En los enfrentamientos de los primeros meses de 2014 en Gamonal y en Can Vies se dio una verdad sensible. Un día tras otro, miles de personas querían estar presentes, en la calle, en la lucha, permanecer.
Esta verdad sensible consiste en el rechazo frontal a la monumental estafa que vivimos cada día, el intolerable régimen de la economía globalizada, de la crisis final que no termina nunca, de la política clásica, del capitalismo senil. Ese rechazo fue una toma de partido inmediata y masiva frente a un enemigo difuso que al fin apareció y se dio, se situó, estaba ahí en forma de cuerpo de policía. Y de partido político en el gobierno de la ciudad. Esa verdad sensible expresaba también la determinación, la camaradería y la alegría en la lucha, a veces audazmente preparada, otras veces caótica y confusa. Y apuramos el vaso como en un día de fiesta.

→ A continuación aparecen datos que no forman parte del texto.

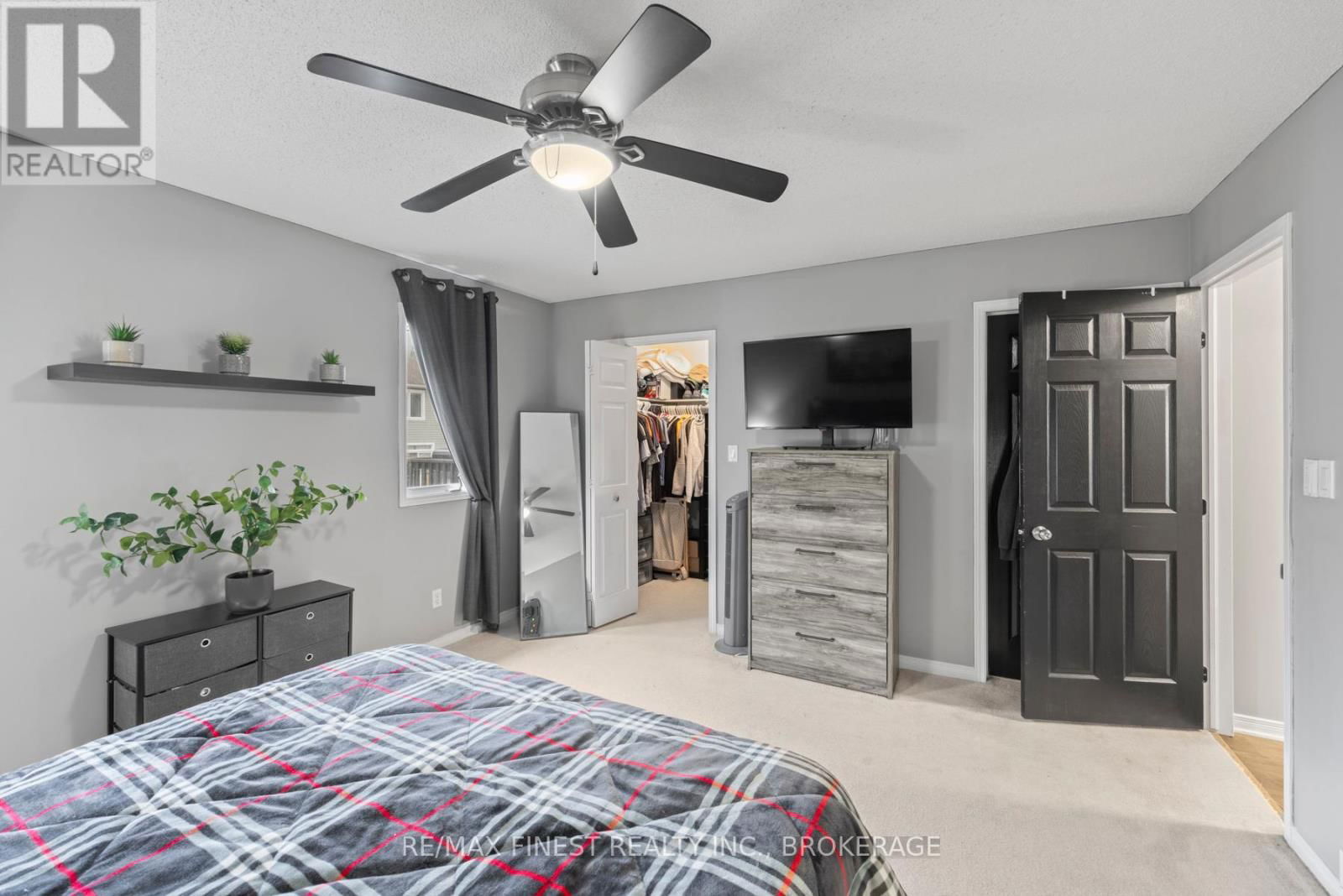 1001 BLUFFWOOD AVENUE Image 19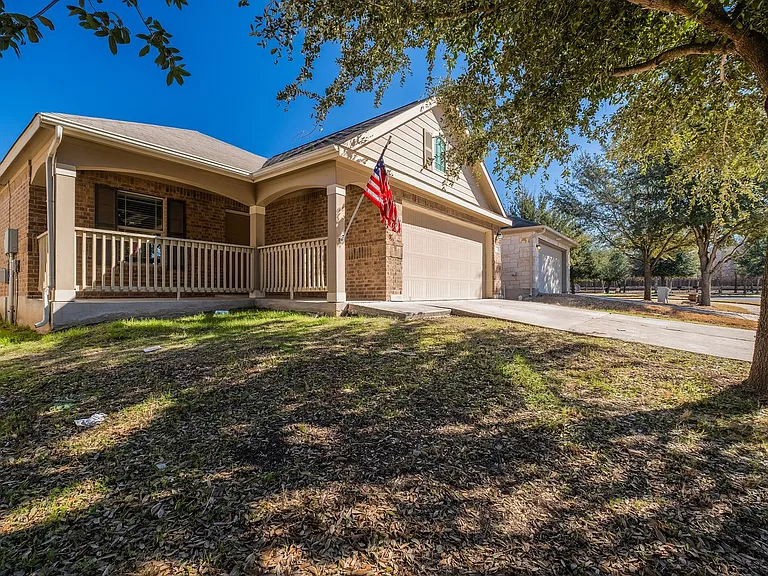 5932 Abby Ann Ln — Photo 3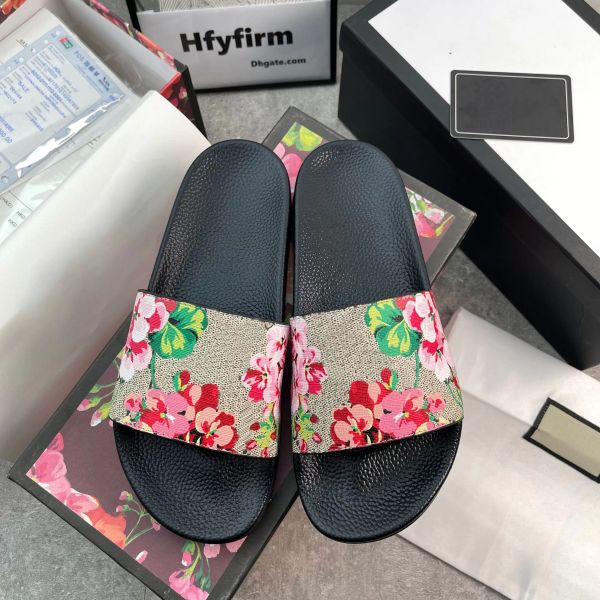 Designer Uomo Donne Pantofole Designer Designer Diapositive Swal Sandal Flat Blooms Strawberry Tiger Api Verde Rosso Bianco Web Moda Scarpe Spiaggia Flip Flops Flower Box 35-46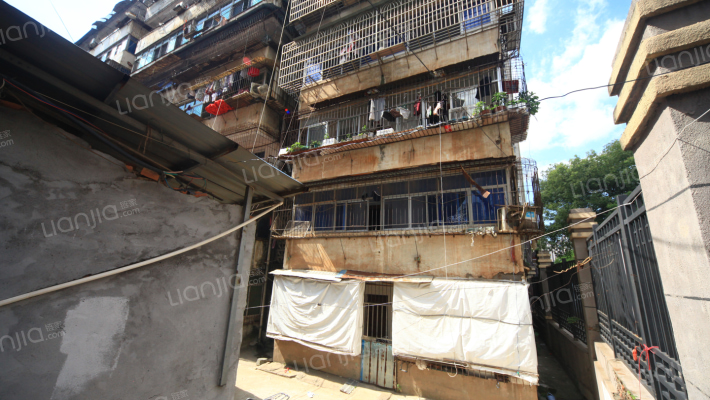 新建县食品厂宿舍外景图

Devenir catástrofe, ingobernable, consistente
Durante esos días, en el partido del orden, el miedo residía en el devenir ingobernable de una situación potencialmente explosiva. Altas tasas de paro junto con la ausencia de prestaciones sociales —lo que para muchos significa ansiedad y pobreza—, una corrupción en metástasis que no deja de torpedear a los partidos políticos se combinan con un clima mediático que anuncia la mejora de la economía y un ambiente genial para los negocios de lujo.

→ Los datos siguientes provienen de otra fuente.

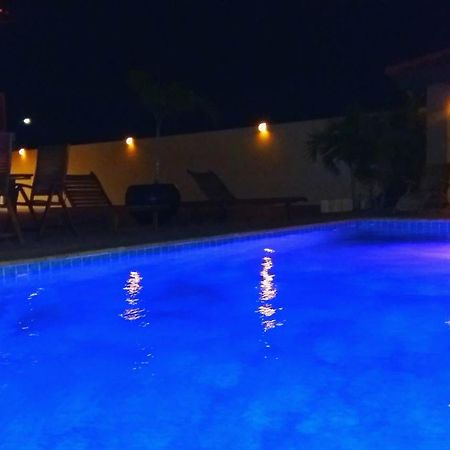Dorado Eagle Beach Hotel Oranjestad Esterno foto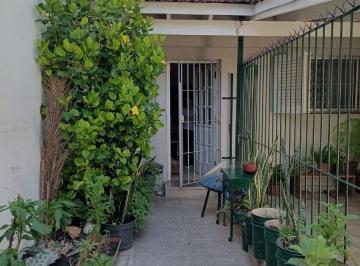 PH · 77m² · 3 Ambientes · 1 Cochera · PH en Lomas de Zamora Oeste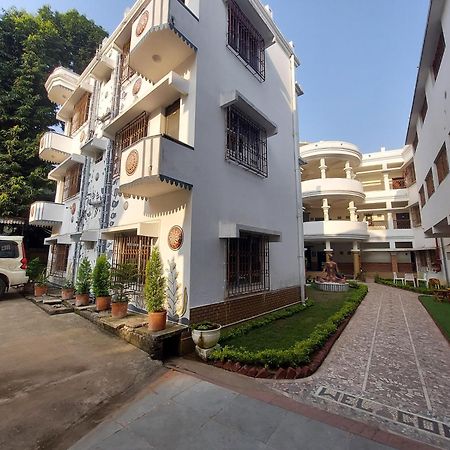 Hotel Kolam Shānti Niketan Zewnętrze zdjęcie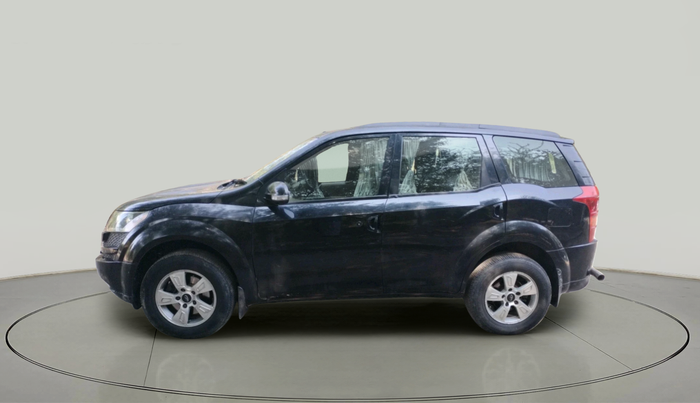 2013 Mahindra XUV500 W4, Diesel, Manual, 94,076 km, exterior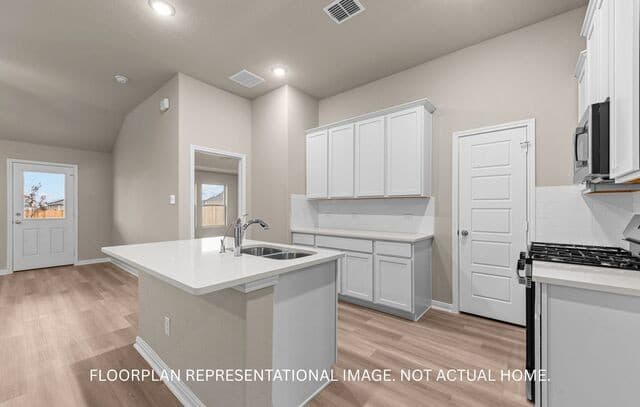 3919  Lone Rdg, San Antonio, TX 78264 — photo 9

Se informa de récords de beneficios en las grandes empresas y contratos estrella en países extranjeros, mientras se habla de malnutrición infantil en nuestros barrios como si nosotras no viviéramos aquí. Pequeñas empresas locales de tecnología punta no dejan de anunciar exitosos proyectos inquietantes, por ejemplo, el otro día El País publicaba, con este ingenioso titular: «Dejar el password por la cara», la noticia de la creación de un programa de reconocimiento facial que podría estar operativo en los bancos para el 2015.

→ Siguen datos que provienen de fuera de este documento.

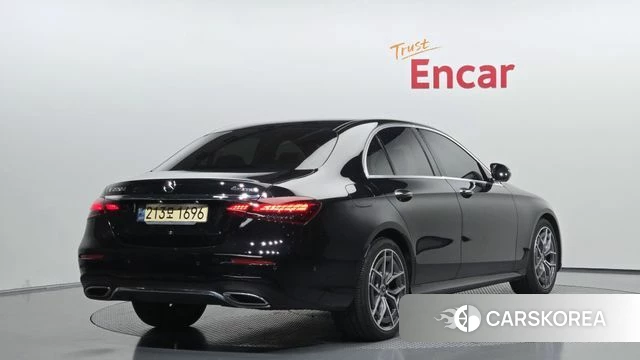 Mercedes-Benz E-Class W213 2022 Черный из Кореи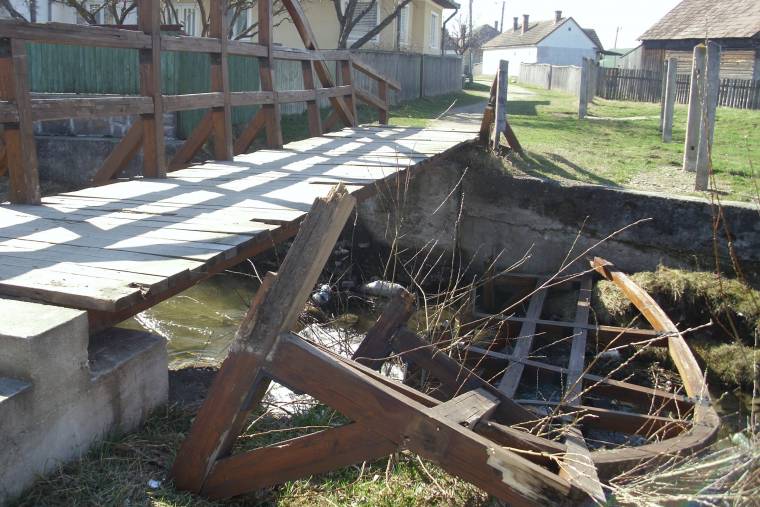 Veszélyessé vált az átkelés a Szájván mögötti gyaloghídon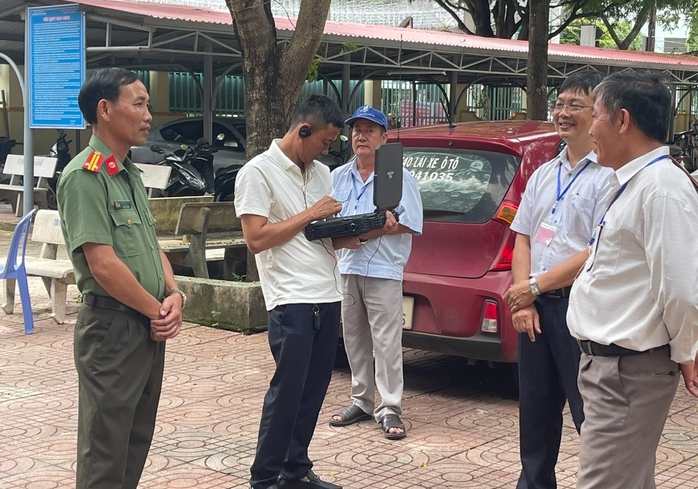Công an rà sóng lạ để tránh xâm nhập khu vực thi tốt nghiệp THPT- Ảnh 2. Công an rà sóng lạ để tránh xâm nhập khu vực thi tốt nghiệp THPT- Ảnh 2.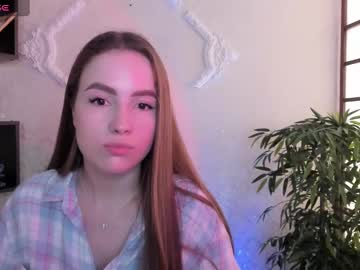 Nikki_Trixy Chaturbate stream image from April 08, 2025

No obstante, en el sistema financiero no ha sido hecha ninguna reforma relevante y los bancos siguen jugando a la ruleta rusa con las cabezas ajenas. El anuncio del BIS (Banco Internacional de Pagos de Basilea, cuyos accionistas son los principales Bancos Centrales del planeta) de que «con tipos de interés cercanos a cero desde hace ya más de seis años e inyecciones masivas de liquidez, se están creando burbujas en activos físicos o financieros que, inevitablemente, terminarán estallando» no merece sino una pequeña columna en la prensa a mediados de julio de 2014, que tilda la descalificación hecha por el Financial Times de «catastrofista». A pesar de que el BIS fue la única institución que advirtió del peligro financiero a mediados del 2000. En este país sabemos por experiencia qué significan las burbujas y su estallido. La situación de mierda en que vivimos, potencialmente explosiva, viene en buena medida del estallido de la burbuja inmobiliaria y ha sido alimentada alegremente durante años por banqueros, políticos y periodistas. En Barcelona, hay veinte desahucios diarios. En el Estado español, según el Instituto Nacional de Estadística, hay 750.000 hogares donde nadie tiene un empleo. Cada día se suicidan más de diez personas en este país. De esta forma, el número de suicidios es más elevado que el conjunto de muertos por accidentes de tráfico, laborales, asesinatos y homicidios.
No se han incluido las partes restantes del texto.